Data excerpts
────────

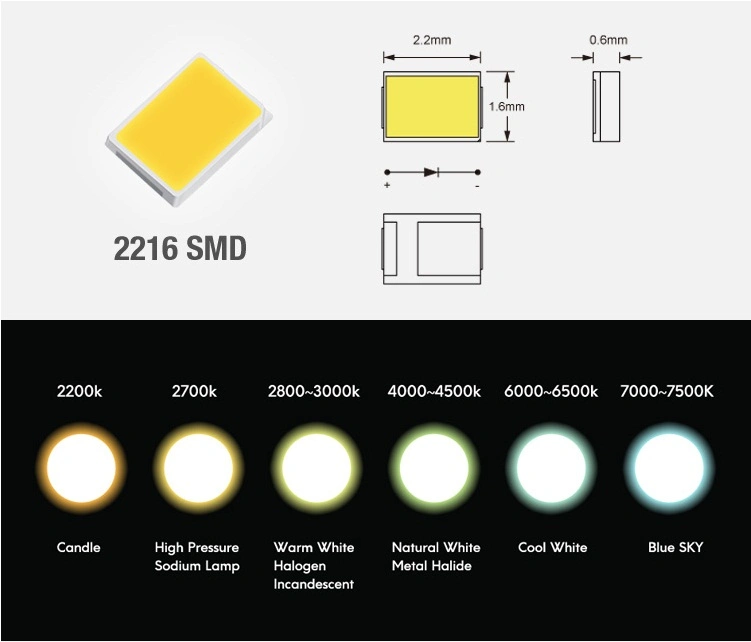 High Density 210LEDs/M DC12V 5mm SMD2216 LED Strips for 0809 1013 LED Linear Light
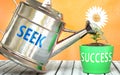 Seek helps achieving success - pictured as word Seek on a watering can to symbolize that Seek makes success grow and it is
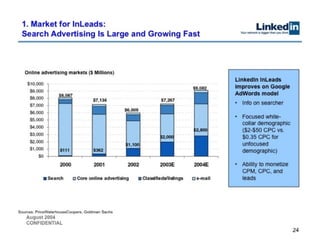LinkedIn Pitch Deck - not a template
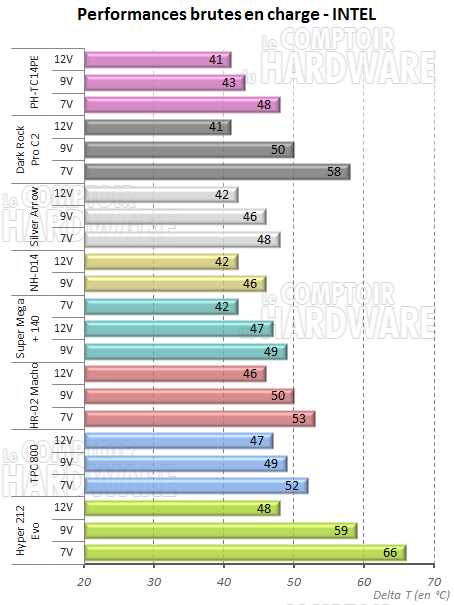Performances Air sur plateforme Intel [cliquer pour agrandir]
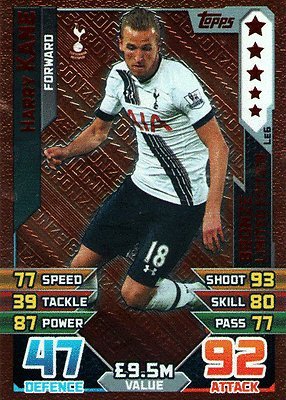 Match Attax 2015/2016 Harry Kane Bronze Limited Edition Trading Card 15/16 LE6 von Topps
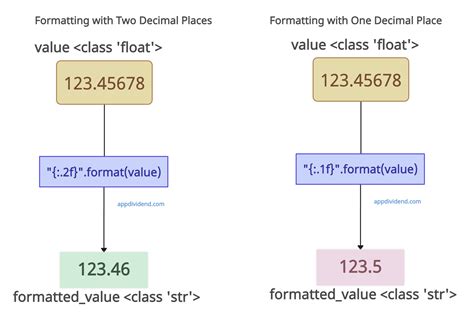 Format Float Decimal Places Python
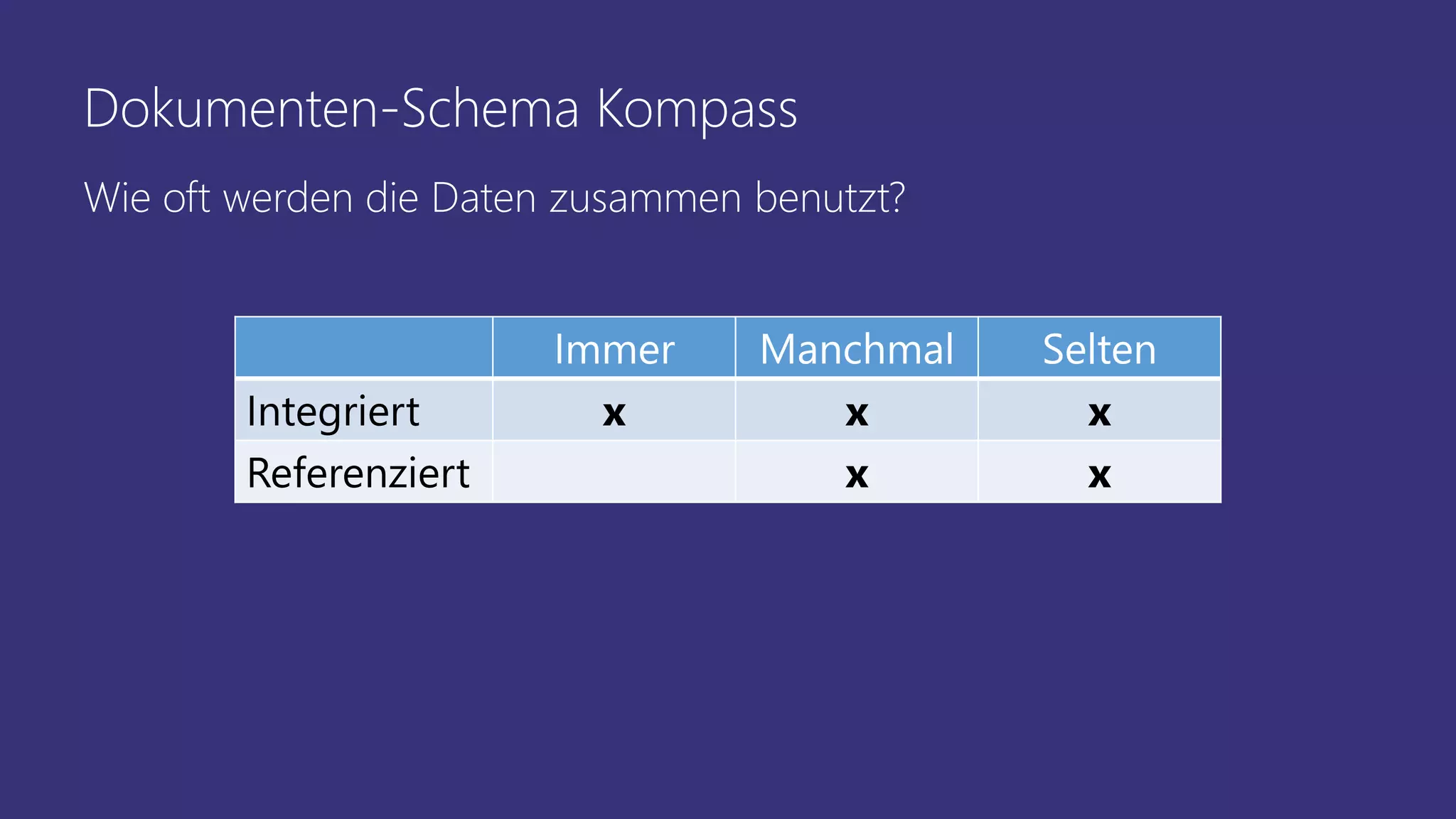 Dokumenten-Schema Kompass
Immer Manchmal Selten
Integriert x x x
Referenziert x x
Wie oft werden die Daten zusammen benutzt?
 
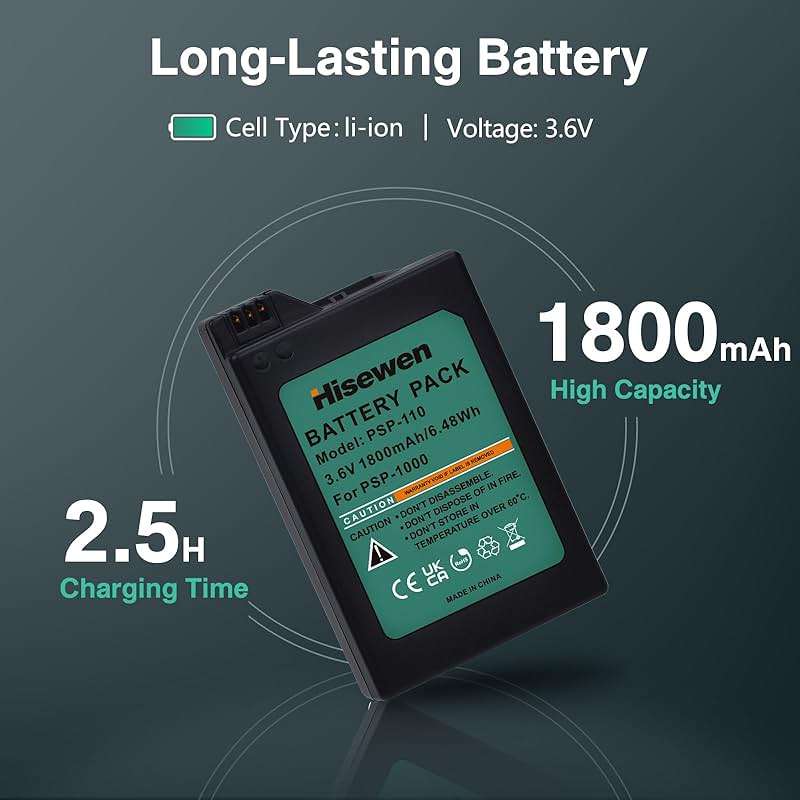 Hisewen PSP 1000 Battery 2 Pack and Fast Charger for Sony PSP 1000 PSP-110 (1001, 1002, 1003, 1004, 1005, 1006, 1007, 1008, 1010), PSP Fat - Image 3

────────

WHAT IS NEEDED: Every entry, exactly as written: transcribe it, passing over any pictures.

TASK RESPONSE:
 High Density 210LEDs/M DC12V 5mm SMD2216 LED Strips for 0809 1013 LED Linear Light
 Seek helps achieving success - pictured as word Seek on a watering can to symbolize that Seek makes success grow and it is
LinkedIn Pitch Deck - not a template
Performances Air sur plateforme Intel [cliquer pour agrandir]
 Match Attax 2015/2016 Harry Kane Bronze Limited Edition Trading Card 15/16 LE6 von Topps
 Format Float Decimal Places Python
 Dokumenten-Schema Kompass
Immer Manchmal Selten
Integriert x x x
Referenziert x x
Wie oft werden die Daten zusammen benutzt?
 
 Hisewen PSP 1000 Battery 2 Pack and Fast Charger for Sony PSP 1000 PSP-110 (1001, 1002, 1003, 1004, 1005, 1006, 1007, 1008, 1010), PSP Fat - Image 3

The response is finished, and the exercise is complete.